La question qui se pose est de préciser les raisons d’une guerre civile. La première grande guerre civile s’est appelée Guerre de Sécession. C’est le bon mot. S’il y a des tendances à la sécession, c’est bien que chaque partie n’imagine pas continuer à vivre avec l’autre. On sait déjà que le Texas est avancé dans son idée de devenir indépendant, soit de se séparer du reste des Etats-Unis. Il possède un parti indépendantiste très actif, et cet État a été un de ceux qui ont le plus lutté pour ne pas reconnaître la défaite de Trump, c’est également là que Kennedy a été assassiné. Et d’ailleurs il y a toujours un noyau très actif pour ne pas reconnaitre la défaite des États du Sud dans cette première guerre civile qui dura de 1861 à 1865. Les États dits Républicains aujourd’hui sont également des États où les citoyens sont armés, abonnés aux sanglantes tueries qui préfigurent la guerre civile, ils pourraient bien recommencer. Mécaniquement, l’idée d’une guerre civile vient à ceux qui se pensent opprimés et qui ne se reconnaissent pas dans les institutions. C’est une défaillance de la démocratie. Les tendances à la guerre civile se manifestent si les belligérants ne pensent pas pouvoir régler leurs différents autrement que par les armes. Il semble que si cela existe aux Etats-Unis d’une manière exacerbée, c’est aussi le cas dans les autres pays occidentaux, à commencer par la France. Mais dans tous les cas, au moins depuis l’élection de Trump, c’est la fin d’un modèle, économique, social et politique. Les Etats-Unis sont un pays à la dérive qui n’ont plus que la force de fomenter des mauvais coups chez leurs alliés. C’est un pays fracturé dont les morceaux ne visent même plus à se rassembler. Les Etats-Unis ne sont pas le seul pays qui vise la sécession. Après tout n’est-ce pas ce qui s’est passé dans le Donbass en 2014, quand leurs habitants ont constaté qu’il était impossible de vivre sous la férule de Kiev ? De partout dans le monde se manifeste des tendances à l’autonomie, la Catalogne par exemple qui ne veut plus être espagnole. L’Ecosse aussi qui manifeste des idées d’indépendance régulièrement. 
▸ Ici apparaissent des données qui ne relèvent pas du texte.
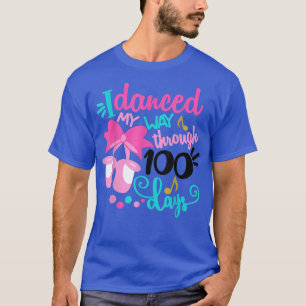 Jag dansade mitt sätt att dansa 100 dagar med skol t shirt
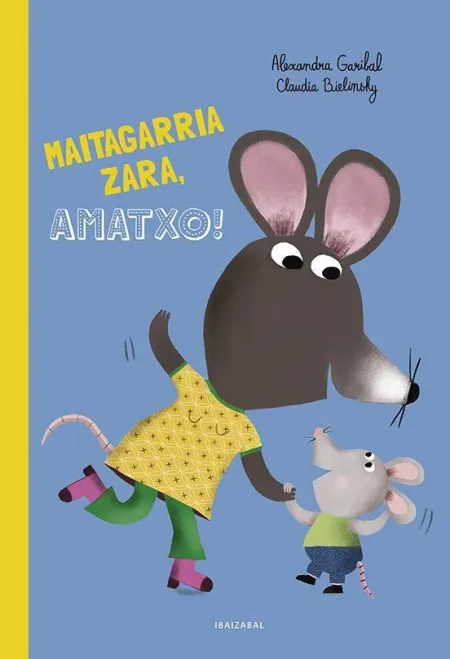 Maitagarria Zara, Amatxo!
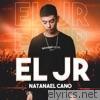 Natanael Cano - El Jr. - Single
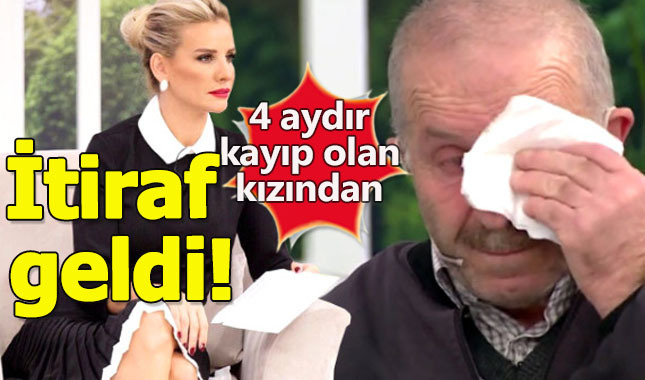 Acılı babanın aradığı kızından canlı yayında itiraf!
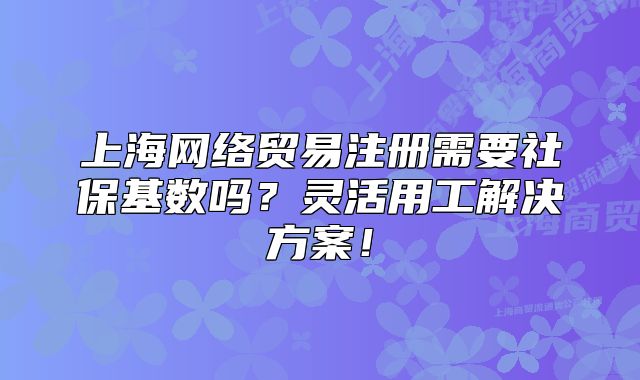 上海網(wǎng)絡(luò)貿(mào)易注冊(cè)需要社?；鶖?shù)嗎？靈活用工解決方案！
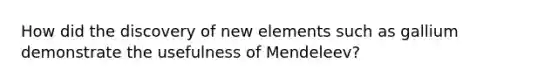 How did the discovery of new elements such as gallium demonstrate the usefulness of Mendeleev?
Les Etats-Unis ont-ils la possibilité de renverser le cours des choses ? Peut-être qu’une défaite en Ukraine serait salutaire pour réveiller les Américains et s’engager dans une autre direction que celle d’une mondialisation sous leur direction avec le dollar comme totem. Un des paramètres qui rend le conflit civil probable est bien sûr la prolifération des armes à feu. Il y a 400 millions d’armes à feu en circulation sur le territoire ! De quoi tenir un siège ! Stephen Marche avançait aussi qu’un autre facteur de guerre civile tenait au fait que les shérifs sont des élus, et que bien souvent ils prennent le parti de leurs électeurs plutôt que celui de la loi[5]. Il avançait aussi que l’extrême-droite qui a infiltré l’armée et la police, était mieux préparée au conflit que l’extrême-gauche, mieux encore elle le souhaite. Face aux dangers qui s’accumulent dans les pays occidentaux, on à l’impression que la classe politique est formée de somnambules. Certes le monde est compliqué, et on s’est appliqué à le rendre encore plus compliqué, sa gestion est forcément difficile, mais si la guerre civile n’est pas sûre aux Etats-Unis, la guerre des classes n’a jamais été aussi présente en France comme aux Etats-Unis, elle peut déboucher du jour au lendemain dans une guerre civile sanglante. Il ne semble pas que les politiciens de droite comme de gauche en ait vraiment conscience.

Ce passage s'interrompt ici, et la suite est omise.